Available data –
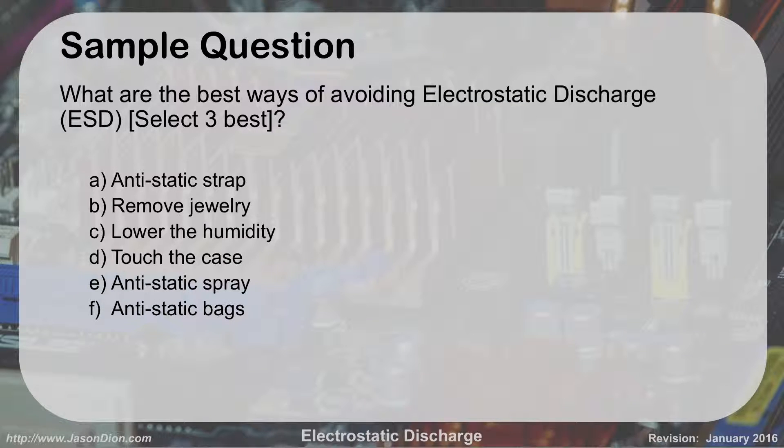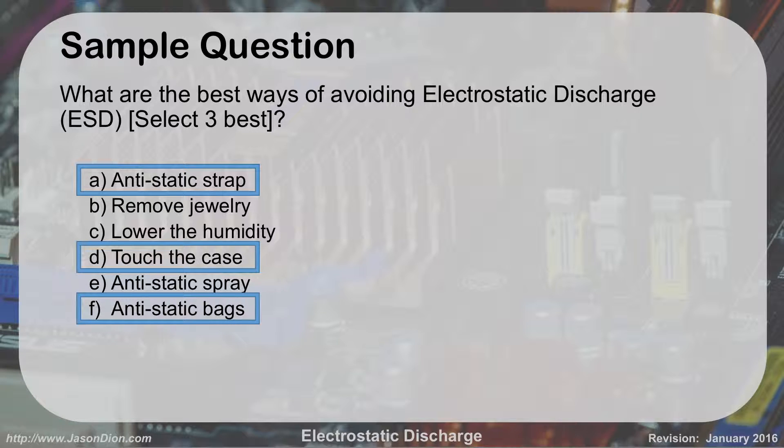Sample question: What are the best ways to avoid ESD? First: anti-static strap. Second: touch the case. Third: anti-static bags. Option E is 'anti-static spray' — I've never seen anti-static spray in my life, it doesn't exist. They're just throwing it in because it says 'anti-static' and people will choose it. They love to do this kind of stuff on the test, so keep that in mind. Anti-static straps are the best, touching the case is the second best, and anti-static bags are great when you're carrying things from one location to another.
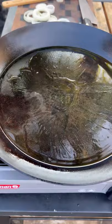Let's make some liver and onions. You want to marinate the liver for at least two hours in milk.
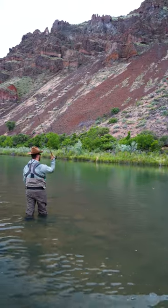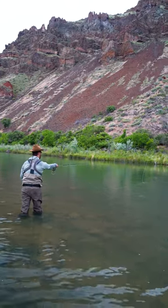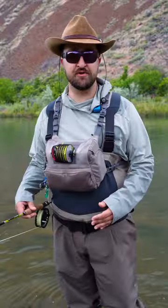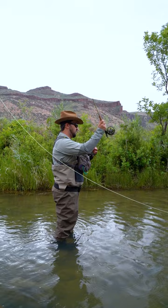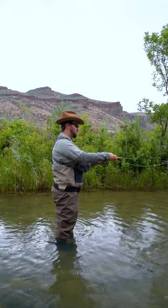The cast I'm about to show you is what Indiana Jones was really looking for in Raiders of the Lost Ark. The roll cast is one of the most effective and easiest casts for you to master. This is something that every angler needs to know how to do. This cast is great if you have limited back casting room or if you're casting heavy nymph rigs.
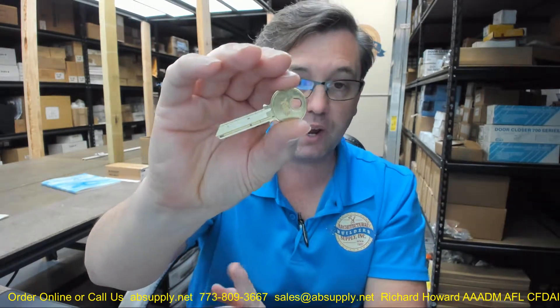The RN-11 is worthy of dissecting what that part number means. The R is the bow — the classic Yale round head bow. The N means nickel silver, meaning the blank is manufactured of nickel silver. It is a superior base material in terms of strength compared to brass, even though this particular blank has a brass coating on it.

Exercise objective – Up to and including the line containing "Let's make some", repeat every line from the start of the data, but none of the pictures.

Solution to this problem –
Sample question: What are the best ways to avoid ESD? First: anti-static strap. Second: touch the case. Third: anti-static bags. Option E is 'anti-static spray' — I've never seen anti-static spray in my life, it doesn't exist. They're just throwing it in because it says 'anti-static' and people will choose it. They love to do this kind of stuff on the test, so keep that in mind. Anti-static straps are the best, touching the case is the second best, and anti-static bags are great when you're carrying things from one location to another.
Let's make some liver and onions. You want to marinate the liver for at least two hours in milk.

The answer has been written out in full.